After that tragedy, Primer’s mother moved to Chicago, vowing to send for him and his sister Barbara when they turned 18. Primer had a lonely childhood, raised mostly by his grandmother and aunts. He liked to sing in the woods, and he built a one-string instrument called a diddley bow. Diddley bows are often made of baling wire stretched between two nails in a board, with a glass bottle as a bridge; Primer nailed broom wire to the boards on the side of his grandmother’s home and used a brick as a bridge. 
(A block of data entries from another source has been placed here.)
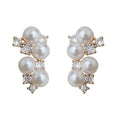 Gold-Tone Pearl Crystal Cluster Earrings Stud and Clip-On view 5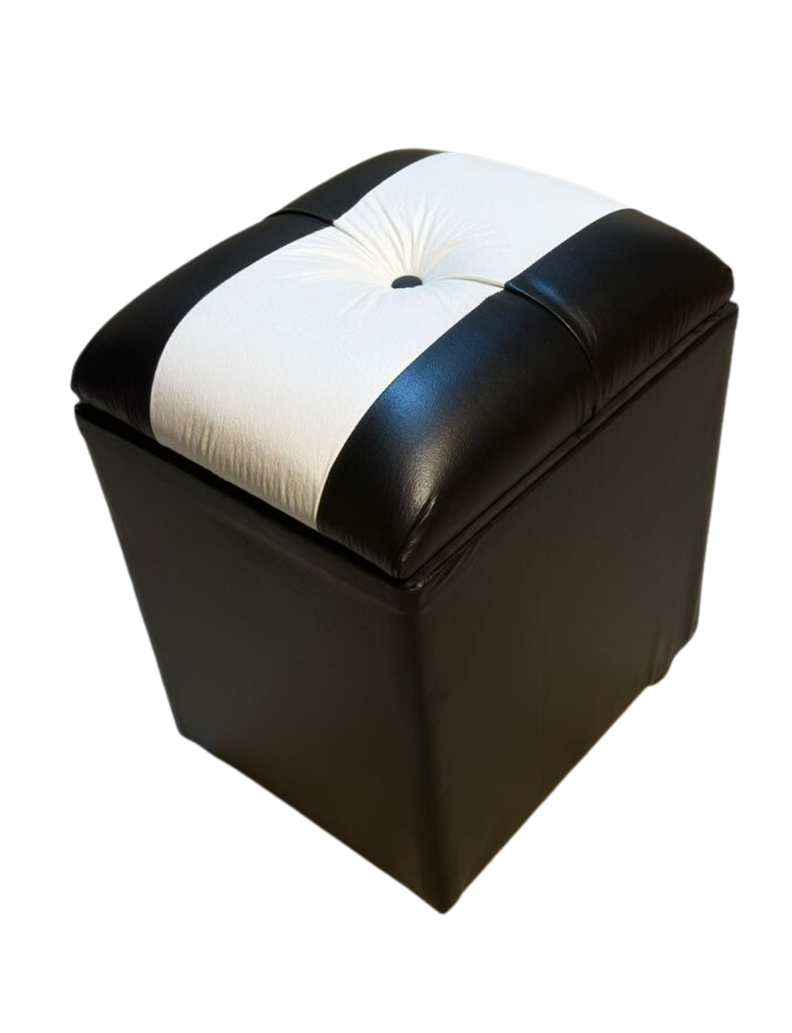 Pouf Baul Negro Bicolor Eco Cuero 40x33x50 Rimar-1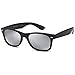 GAMMA RAY UV400 52mm Adult Classic Style Sunglasses – Mirror Silver Lens on Black Frame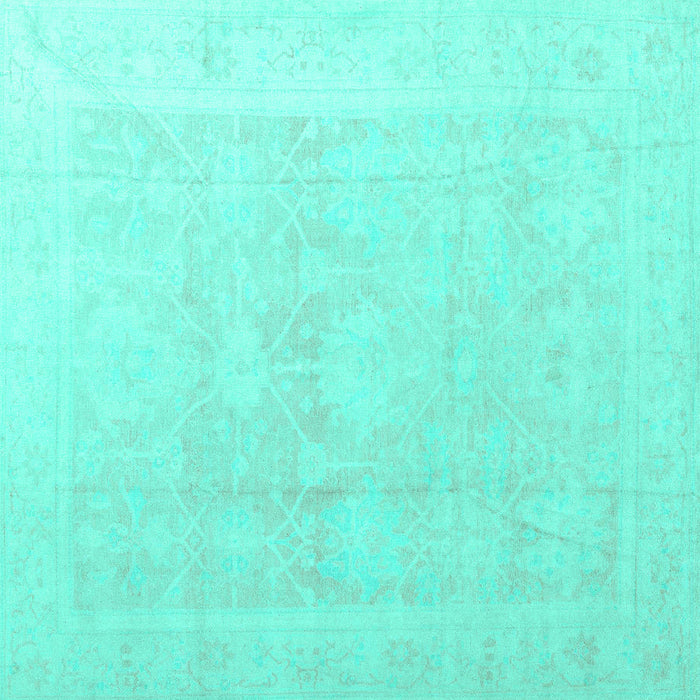 Square Abstract Turquoise Modern Rug, abs4340turq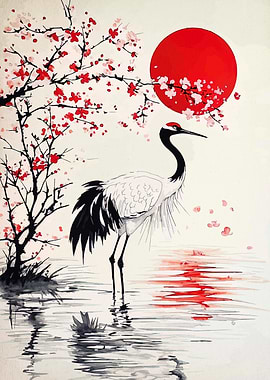 Crane, Cherry Blossoms, and Rising Sun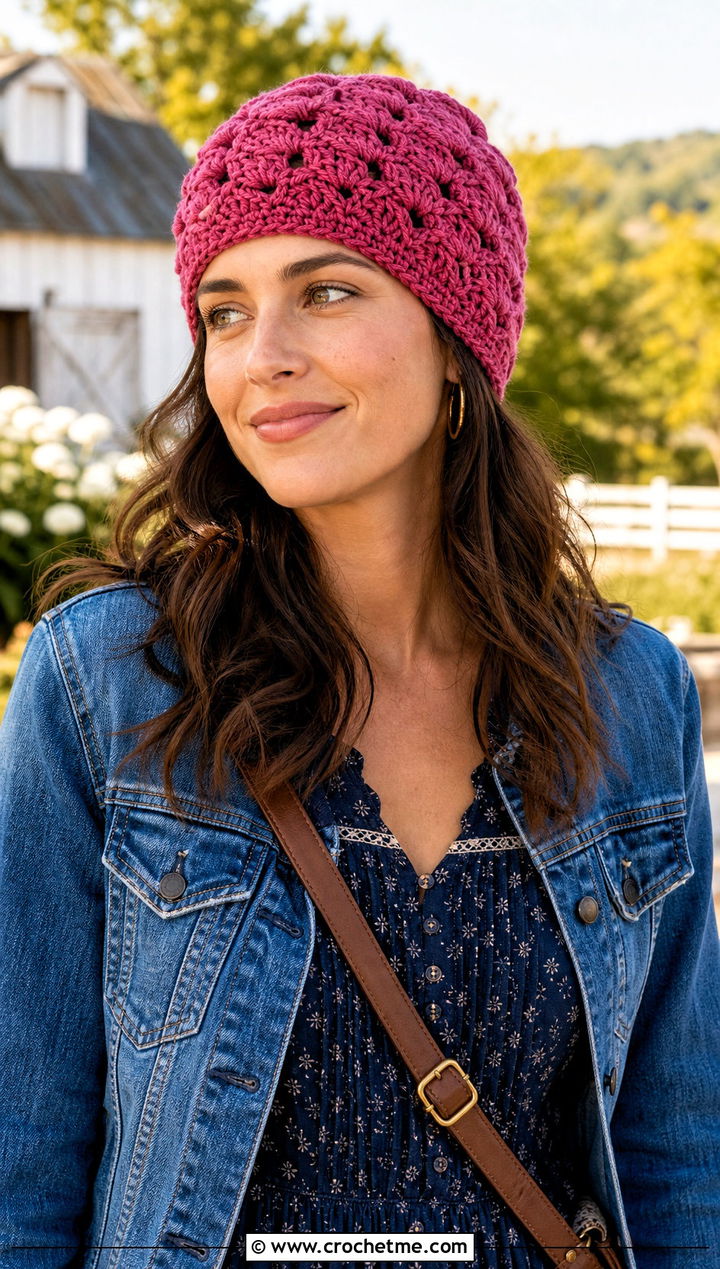 Shell Stitch Crochet Beanie With Prairie Dress And Denim Boots - 20 Boho Crochet Beanie outfit ideas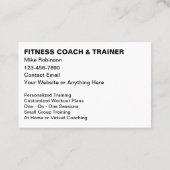 Classy Fitness Coach And Trainer Upscale  Visitekaartje (Achterkant)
Soon Primer was singing at school for dimes on the playground. He also sang in church, which was an especially cathartic experience for him. His grandmother had a record player, and he fell in love with the likes of Jimmy Reed, Muddy Waters, Little Milton, Elmore James, and B.B. and Albert King. When he turned 18 in 1963, he finally followed his mother to Chicago. 

Primer frequented Maxwell Street, historically a port of entry for immigrants and in those days still a mecca for salesmen and hustlers of all stripes, including musicians. At the marketplace, he honed his chops and earned some coin. He also met fellow bluesman Pat Rushing, a guitarist with a raw, dissonant style and an almost frightening growl of a voice. Primer and Rushing formed the Maintainers, who played regularly on Maxwell Street on Sundays and then started picking up west-side club gigs. 
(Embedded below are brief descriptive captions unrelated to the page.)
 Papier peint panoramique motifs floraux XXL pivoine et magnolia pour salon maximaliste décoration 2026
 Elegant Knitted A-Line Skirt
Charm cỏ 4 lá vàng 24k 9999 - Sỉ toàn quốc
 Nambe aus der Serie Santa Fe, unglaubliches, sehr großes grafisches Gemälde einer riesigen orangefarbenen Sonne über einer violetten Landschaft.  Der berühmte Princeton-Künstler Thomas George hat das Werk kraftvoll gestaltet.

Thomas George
In 1968, Primer left to front a soul and R&B group called the Brotherhood Band, where his rough, earthy singing style began to evolve. In 1974, he landed his first important regular gig, becoming a member of the house band at Theresa’s, at 48th and Indiana. Among his bandmates at the club was former Muddy Waters sideman Sammy Lawhorn, who taught Primer to play slide guitar—now a key element of his style. The band often played seven nights a week, backing whoever came through: Junior Wells, James Cotton, Magic Sam, Lonnie Brooks, Smokey Smothers, Buddy Guy, Magic Slim, and many more. Lawhorn ended up mentoring Primer for decades.

Bassist Willie Dixon, whose songwriting had played a major role in shaping Chicago blues after World War II, saw Primer at that Theresa’s residency and invited him to join his Chicago Blues All Stars. In 1979 Primer hit the road with the All Stars, touring Mexico and Europe and polishing his skills in the exalted company of Dixon’s band.
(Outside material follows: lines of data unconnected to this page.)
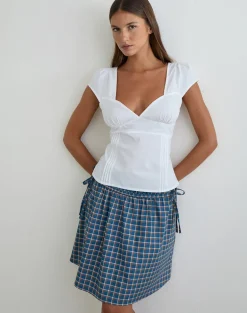 Uliva Cap Sleeve Corset Top in Poplin White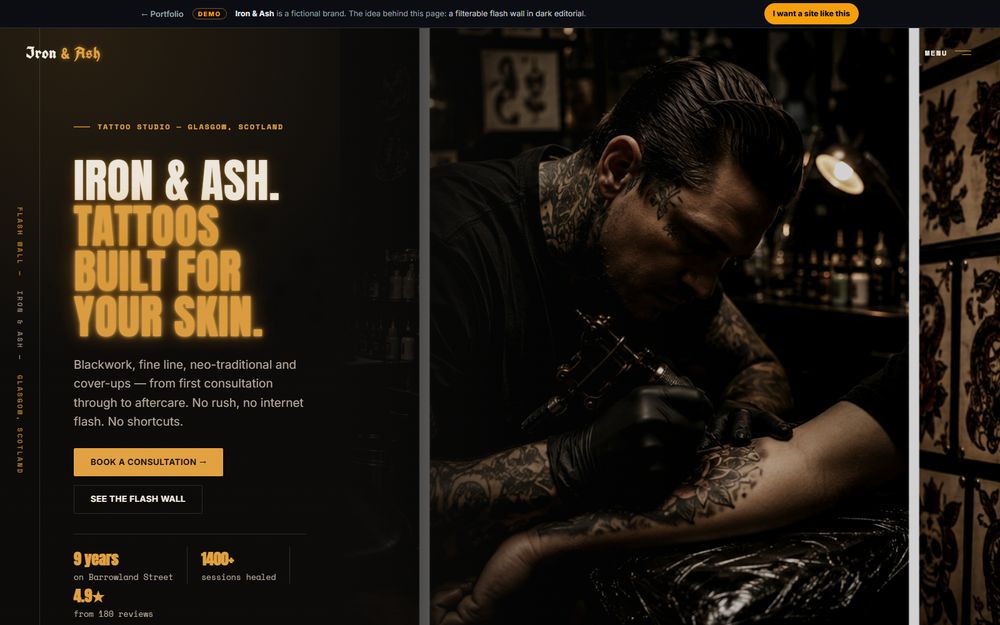 Tattoo studio — Iron & Ash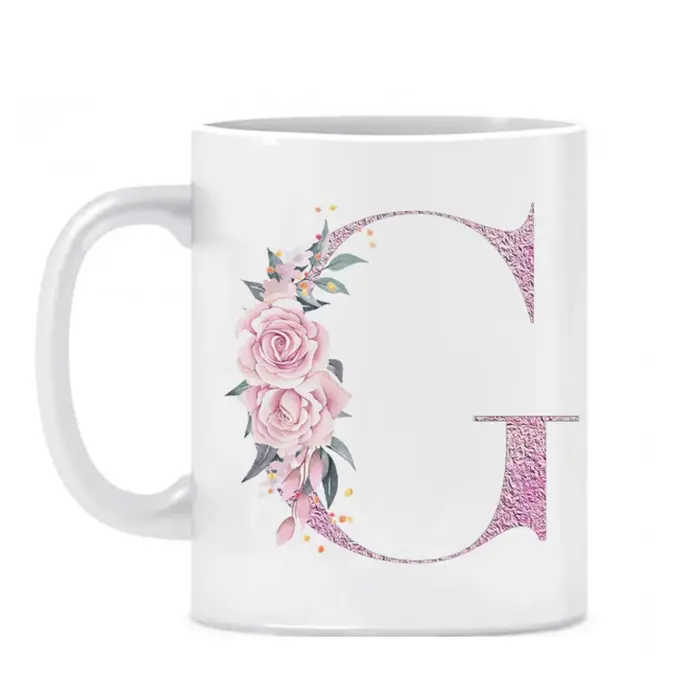 Tasse à café florale personnalisée avec nom
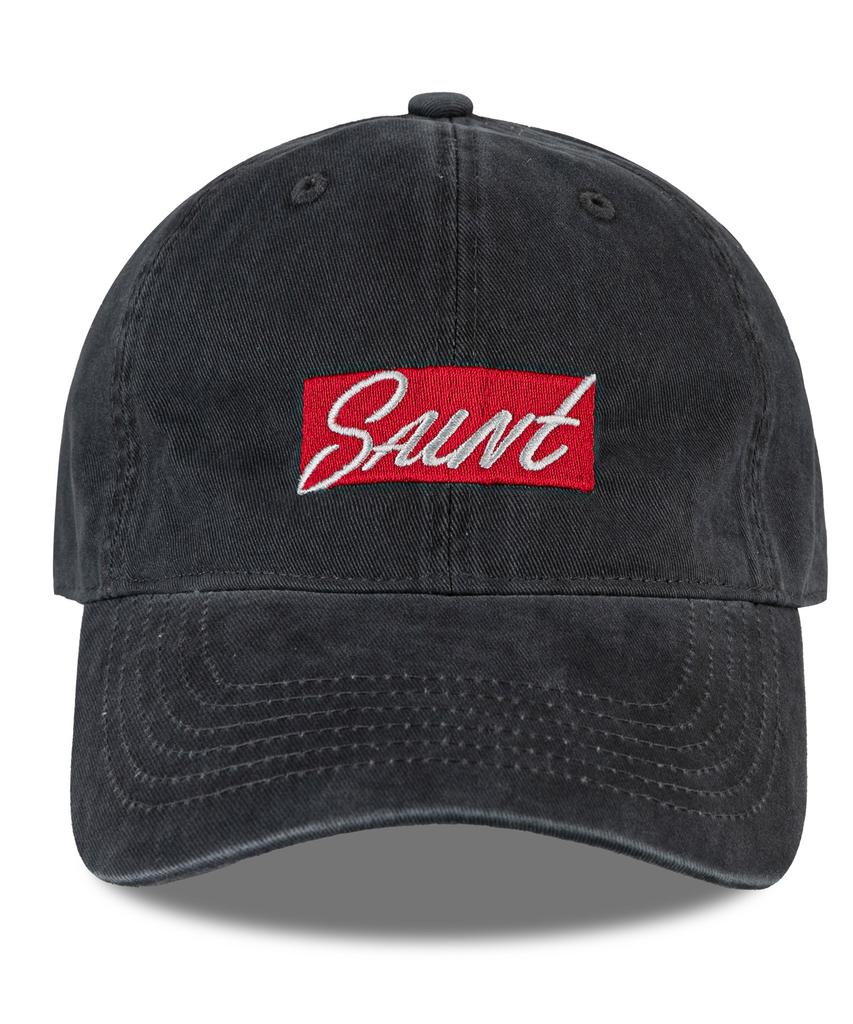 Wig Saint Box Logo Cation Washed Ball Cap - Charcoal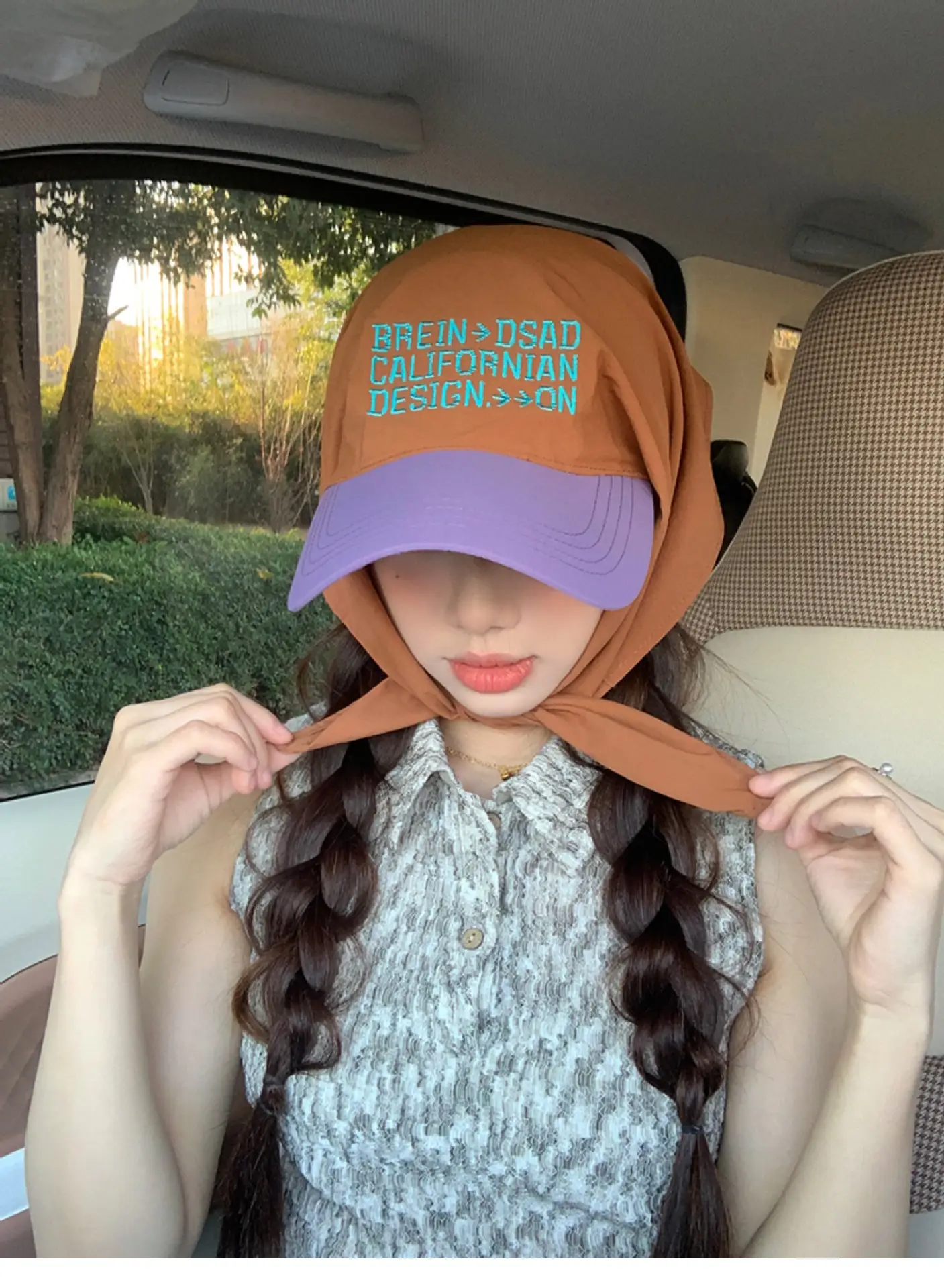 Korean Style Headscarf with Baseball Cap for Women — feature 3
John Primer and his band perform in 2018 in Don Odell’s studio in Palmer, Massachusetts.

Ever since Primer had heard Muddy Waters on his grandma’s phonograph, he’d dreamed of playing with him. In 1980 that fantasy became reality. Waters was putting together a new working band—it would turn out to be his last—and he recruited Primer, who became his bandleader. Even after Waters retired from performing in ’82 due to his failing health, the band stayed together for another year. 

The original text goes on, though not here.